O juiz Marcelo Bretas, da 7ª Vara Federal Criminal do Rio de Janeiro, condenou nesta quinta-feira (25) o ex-presidente do COB, Carlos Arthur Nuzman, o ex-governador Sérgio Cabral, e Leonardo Gryner, ex-diretor de operações do comitê Rio 2016, à prisão.

Eles são acusados de fraudes na compra de votos dos integrantes do Comitê Olímpíco Internacional (COI) para a eleição do Rio como sede da Olimpíada de 2016.

Na sentença, a pena de Nuzman foi a mais alta e chega a 30 anos, 11 meses e 8 dias de reclusão e pagamento de 1.344 dias-multa, ao valor unitário de um salário-mínimo, pelos crimes de corrupção passiva, pertinência à organização criminosa, lavagem de ativos e evasão de em regime fechado.

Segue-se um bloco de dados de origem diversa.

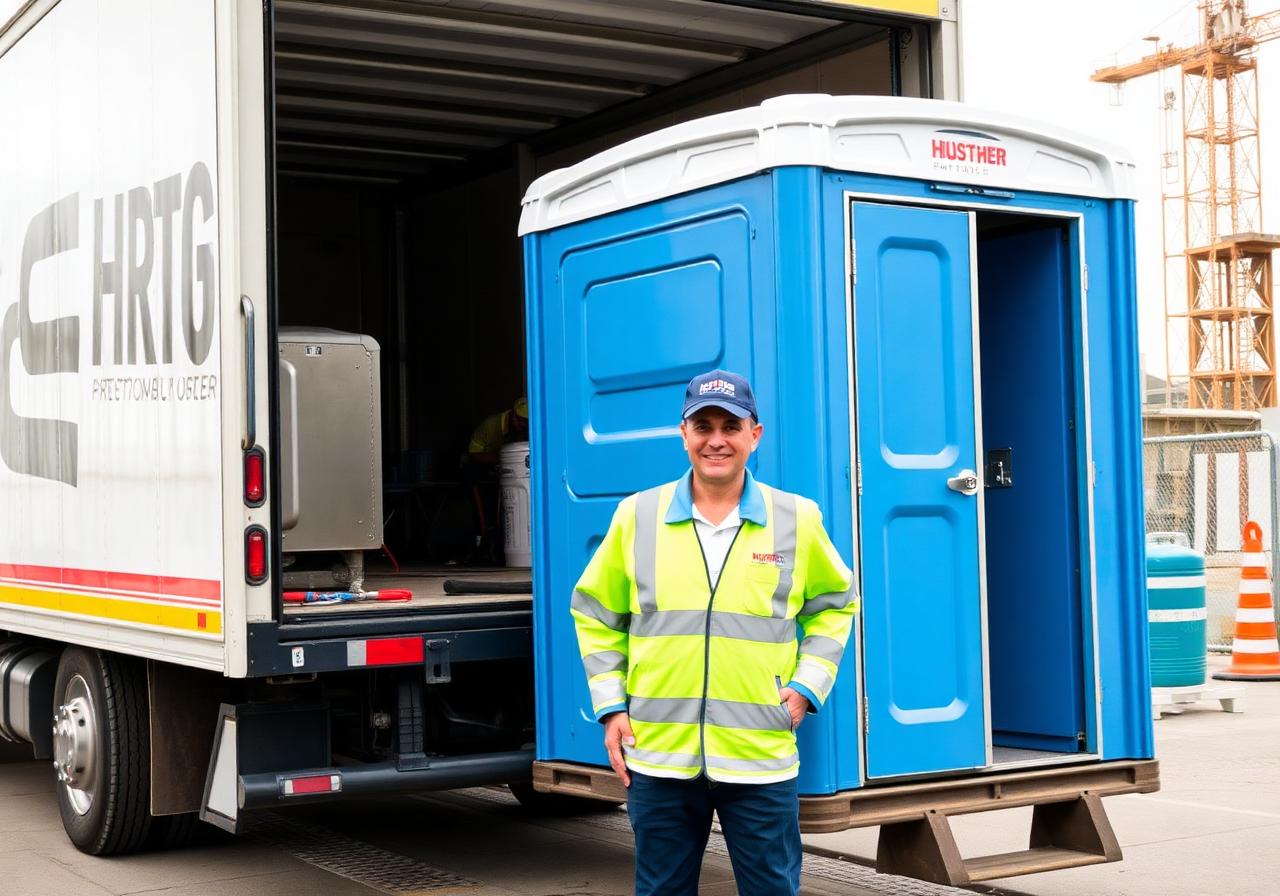 QuickHold delivery truck unloading a portable toilet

O juiz concedeu, no entanto, que Nuzman recorra da sentença em liberdade, desde que mantidas eventuais medidas cautelares determinadas em superior instância pelos fundamentos já expostos.

Sérgio Cabral teve delação premiada cancelada

Já a pena do ex-governador Sérgio Cabral para o crime de crime de corrupção passiva chega a 10 anos e 8 meses, e 391 dias-multa em regime fechado.

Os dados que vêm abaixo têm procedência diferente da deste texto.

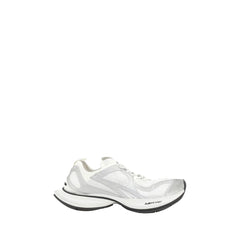White Polyester Athletic Sneakers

Bretas salientou ainda que um acordo de colaboração premiada a que Cabral tinha se submetido foi invalidado porque o STF decidiu pela impossibilidade de a Polícia Federal firmar esse tipo de acordo sem a anuência do MPF.

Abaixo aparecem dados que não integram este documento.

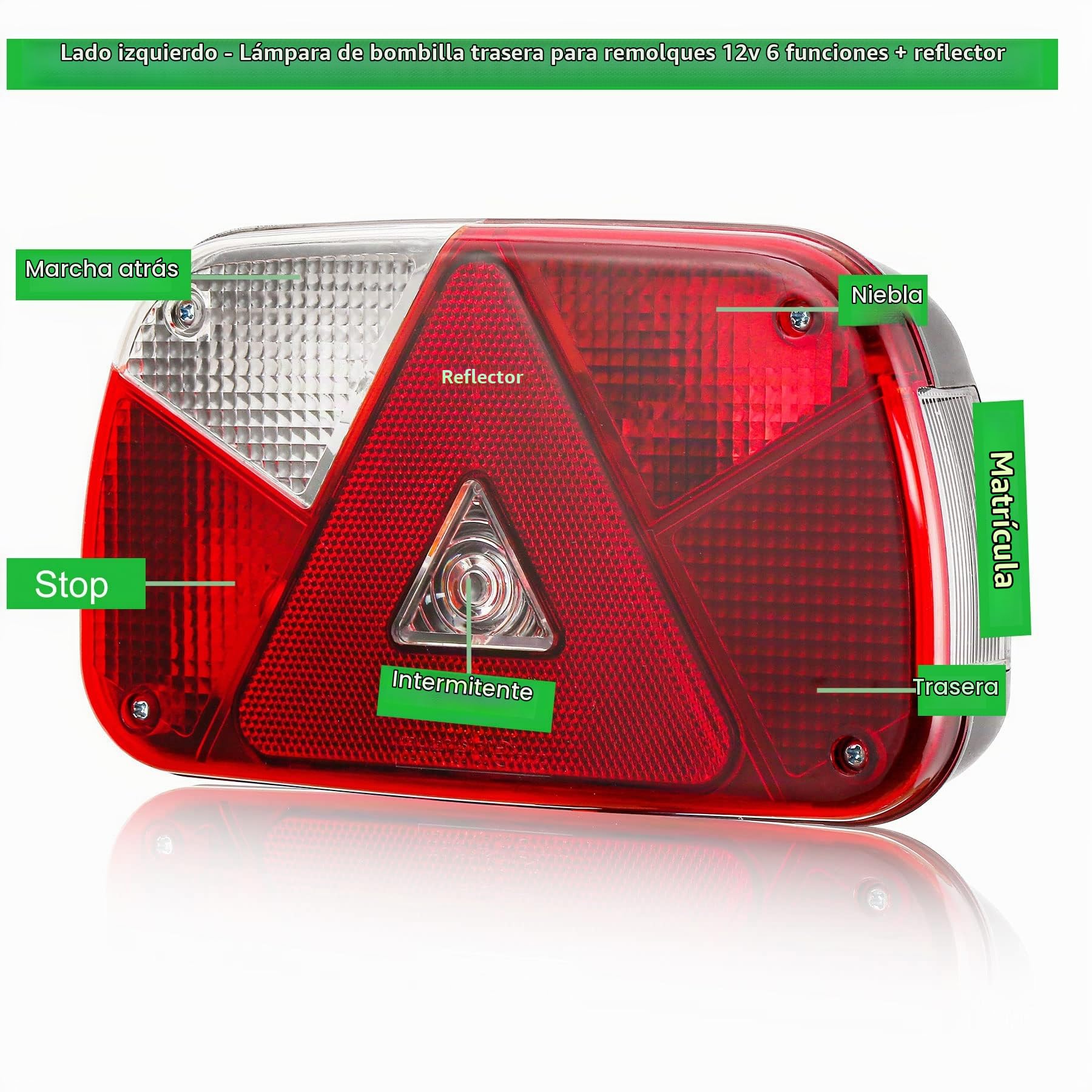 Kit Pilotos Traseros Remolque 12v,Precableada Conector 13pines Cable 4m con Conexión de Bayoneta de 2x6pines,Impermeable Homologado E11 7Funciones Luces Traseras de Remolque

O ex-diretor diretor de operações do comitê Rio 2016, Leonardo Gryner, também foi condenado à prisão pelos crimes de corrupção passiva e pertinência a organização criminosa. Ele deverá cumprir 13 anos e 10 meses de reclusão em regime fechado e pagar 625 dias-multa, ao valor unitário de um salário-mínimo pelos crimes.

Outras penas

Marcelo Bretas ainda condenou o trio a pagar danos morais coletivos como forma de reparação pelos danos decorrentes da corrupção no valor de R$ 3,8 milhões para os três réus.

Eles também foram condenados à perda do cargo, função, emprego ou mandato eletivo e interdição para o exercício de cargo ou função pública pelo prazo de 8 anos.

Organização criminosa internacional

A denúncia de compra de votos para a realização da Rio 2016 foi investigada na operação Unfair Play, que mostrava como o governo de Cabral fazia a ponte entre o empresário Arthur Soares, o Rei Arhur, para financiar a fraude, e os membros do Comitê Olímpico Brasileiro.

De acordo com o Ministério Público, as fronteiras internacionais não limitaram a atuação da organização criminosa do ex-governador Sérgio Cabral. Para os procuradores, “trata-se de um esquema altamente sofisticado, que agia internacionalmente com desenvoltura e uma engenhosa e complexa relação corrupta”. Prova disso é que, para alcançar o atual estágio da investigação, o MPF teve que realizar pedidos de cooperação jurídica internacional com nada menos que quatro países diferentes: Antígua e Barbuda, França, Estados Unidos e Reino Unido.

Durante as investigações, o Ministério Público Francês colheu substancioso material para demonstrar que houve compra de votos para escolha da sede dos Jogos Olímpicos de 2016. Um dos votos foi comprado de Lamine Diack, então presidente da Federação Internacional de Atletismo e então membro do Comitê Olímpico Internacional, por meio de seu filho, Papa Massata Diack.